La persecución geopolítica a TikTok por parte de los Estados Unidos y la Unión Europea es explicable. China y sus oscuras políticas de empleo estratégico de la información están de por medio. La rapidez con que creció TikTok quizás lo amerita… aunque en riesgo está tanto como con Facebook o Twitter.
El libro del historiador Chris Miller sobre la guerra de los chips, Chip War, viene al caso. Los semiconductores son la materia prima de la vida diaria, su gasolina. Sin el acceso a la tecnología que fabrica los chips no hay celulares, computadoras y demás dispositivos digitales. Tampoco drones o armas de punta.
Si bien las posibilidades de tantos avances nacen en los Estados Unidos, los Países Bajos dominan una parte vital del ensamblaje desde la ciudad de Eindhoven y la apetecida empresa ASML, su faro tecnológico. También participan Alemania y Japón. China, por su parte, no cuenta con el conocimiento local necesario para impulsar sus propios chips. Los Estados Unidos, además, lograron recientemente que los Países Bajos restringieran la venta de semiconductores por razones de seguridad nacional.
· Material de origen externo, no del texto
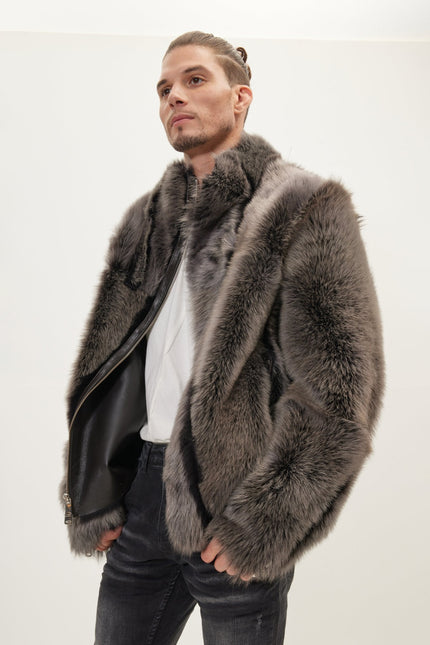 Men's Reversible Toscana Shearling Bomber Jacket - Chocolate | Ron Tomson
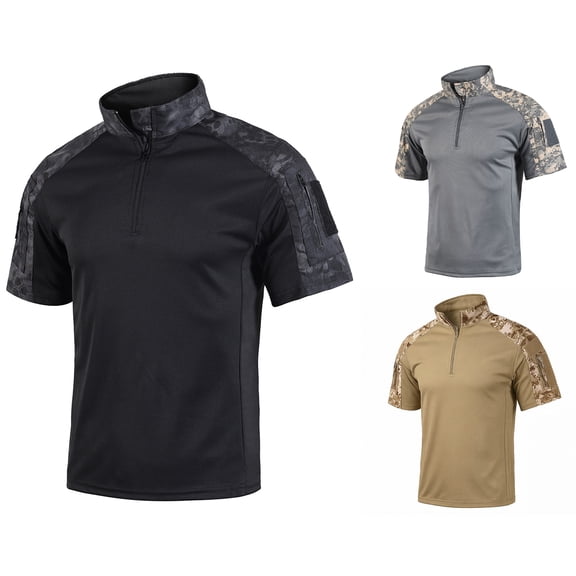 LTTVQM Polo Shirts for Men Camo Short Sleeve 1/4 Zipper Outdoor Workout Collared Shirts Quick Dry Golf Shirt Black L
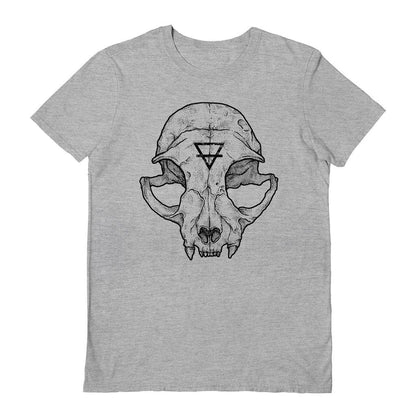 Sports Grey - Front - Deniart Unisex Adult Cat Skull T-Shirt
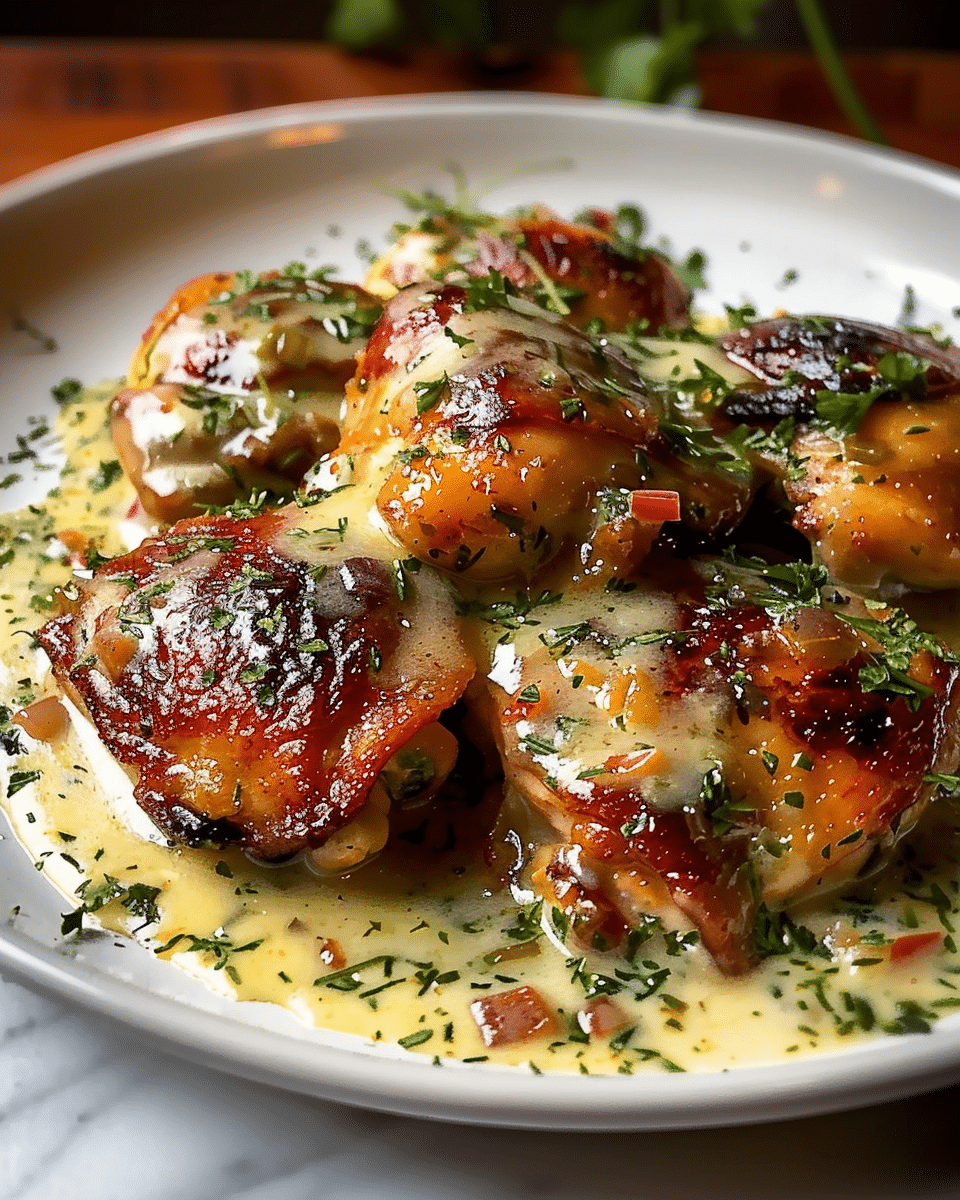 Bobby Flay Chicken Thighs with Creamy Garlic Sauce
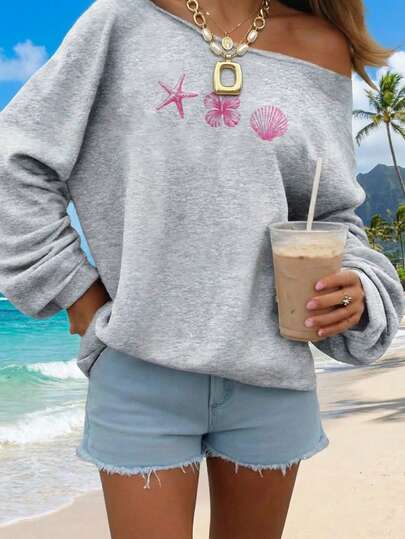 SHEIN EZwear Light Grey Women's Off-Shoulder Loose Casual Long Sleeve Sweatshirt, Hibiscus Flower Print, Shell Print, Women Sweatshirt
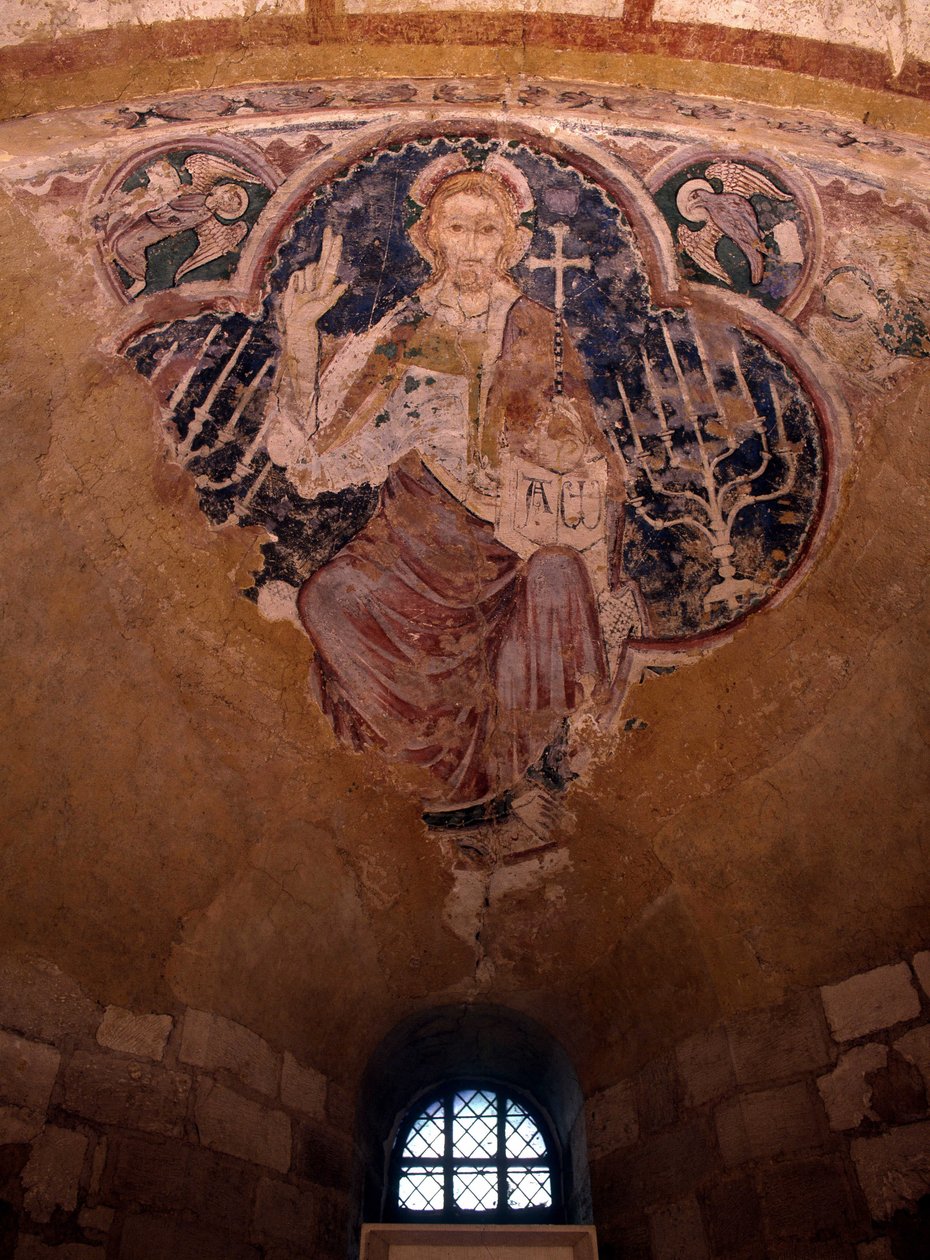 Kristus i majestet (i herlighet). Fresko fra 1200-tallet, krypten til Cathedrale d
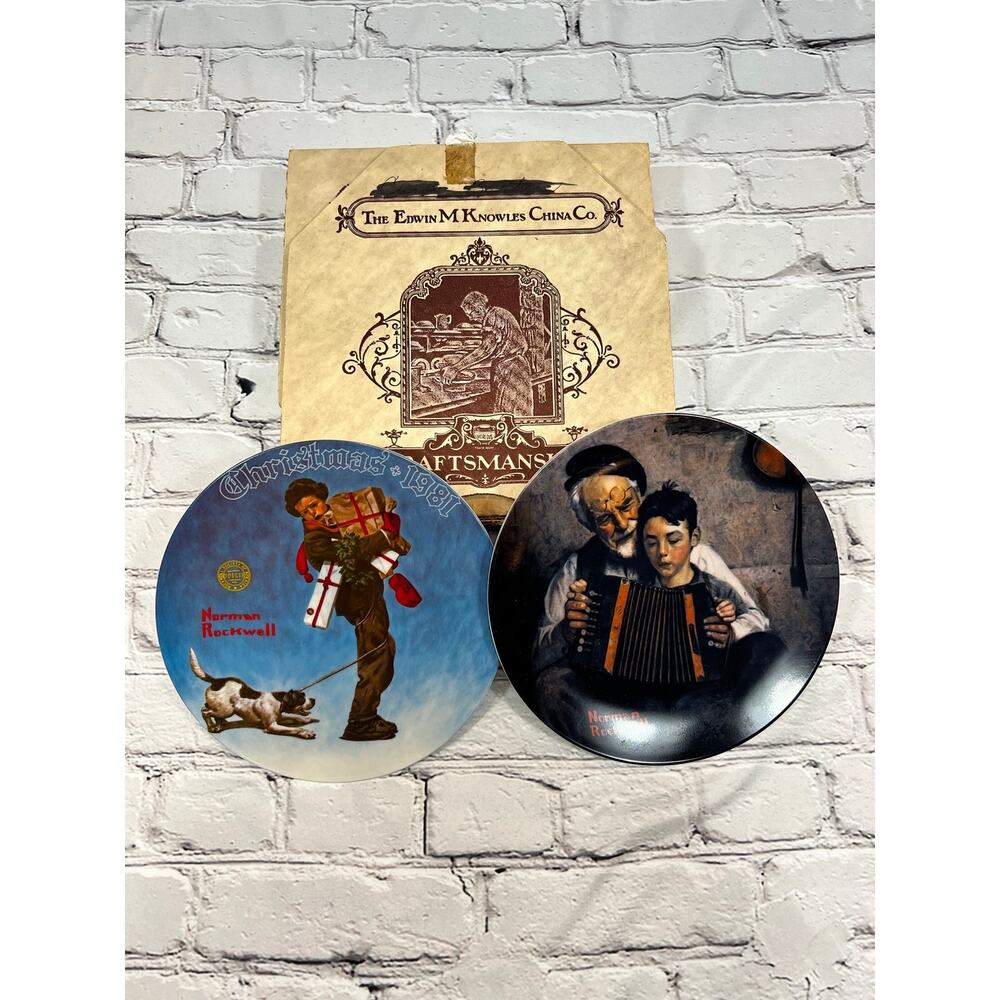 TWO Knowles Norman Rockwell Music Maker & Christmas Collectors Plates 1981 LTD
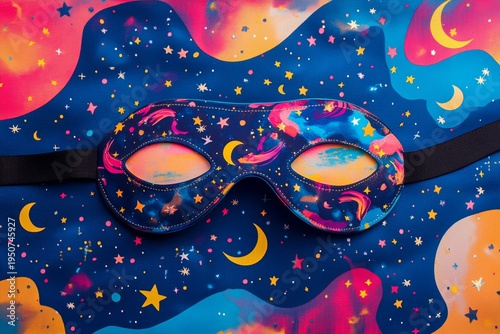 Colorful dreamscape sleep mask on starry patterned fabric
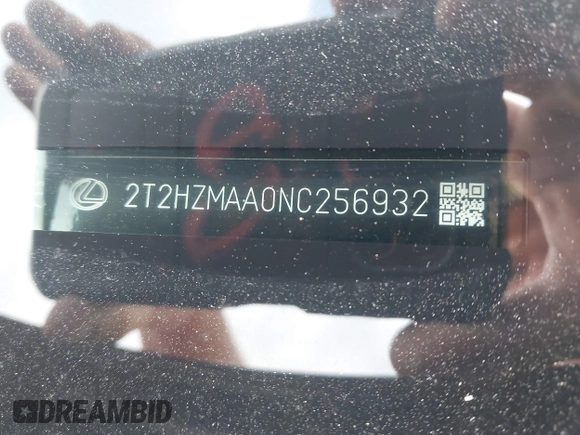 2022 Lexus RX 350 with VIN 2T2HZMAA0NC256932, listed as a IAAI auction lot 42179918 with 24,790 mi miles and . Bid and sale history available at DreamBid. Image 9.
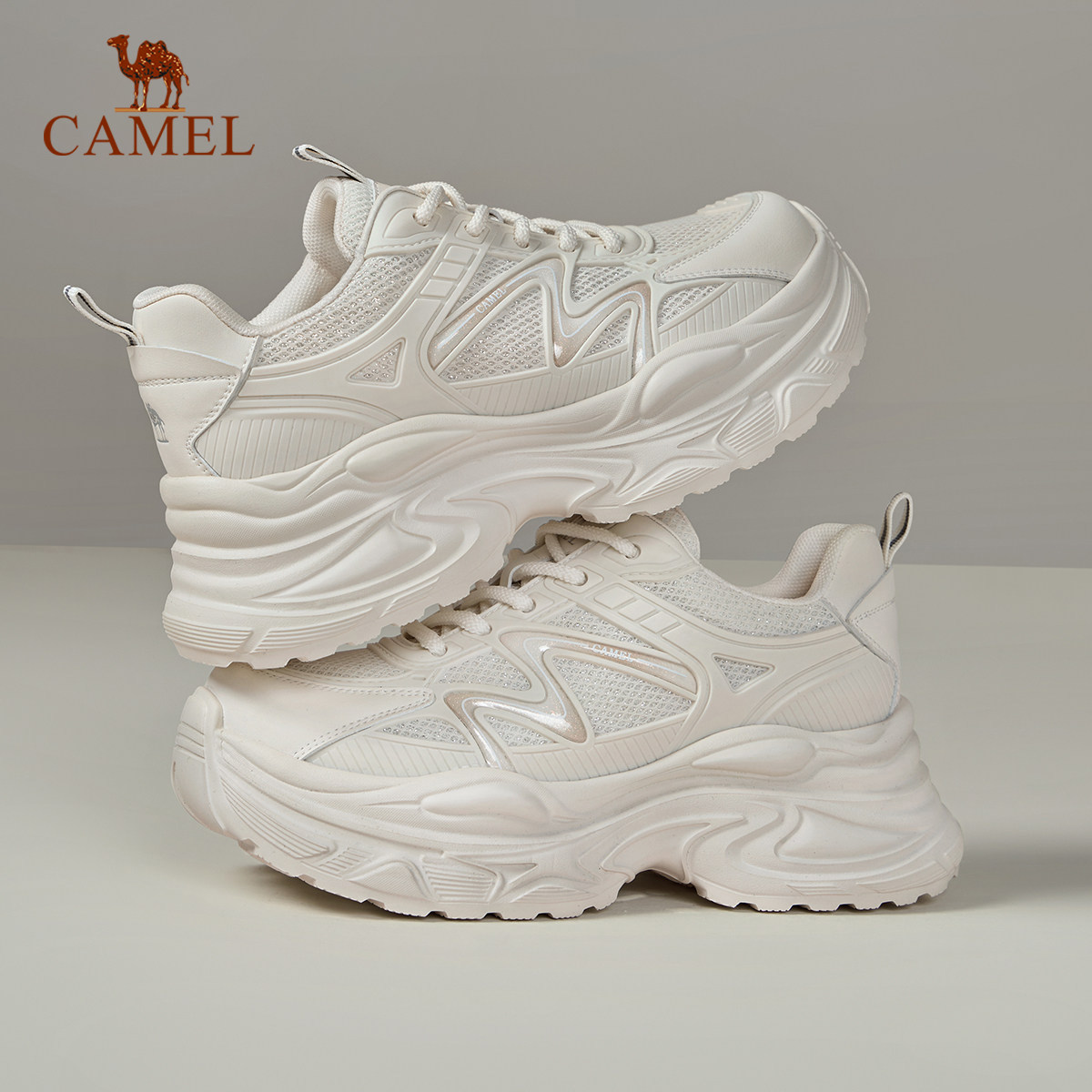 骆驼女鞋2026新款春季厚底老爹鞋女款增高鞋复古百搭休闲运动鞋,女鞋,老爹鞋,淘宝优惠券,粉丝福利购,淘宝优惠卷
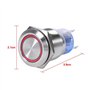 19mm 12-24V Interrupteur à Bouton-Poussoir LED, Keenso Interrupteur à Bascule Autobloquant à Verrouillage Automatique Commutateu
La cadena de suministro de chips es un rompecabezas.
Entre tanto, queremos más fotos, más memoria, más rápido. Más allá de TikTok y los datos privados, están los que sostienen, con buenas razones, que habitamos ya una segunda Guerra Fría en la que la supremacía tecnológica está en juego. En esta ocasión, entre Estados Unidos y China. Y todos participamos.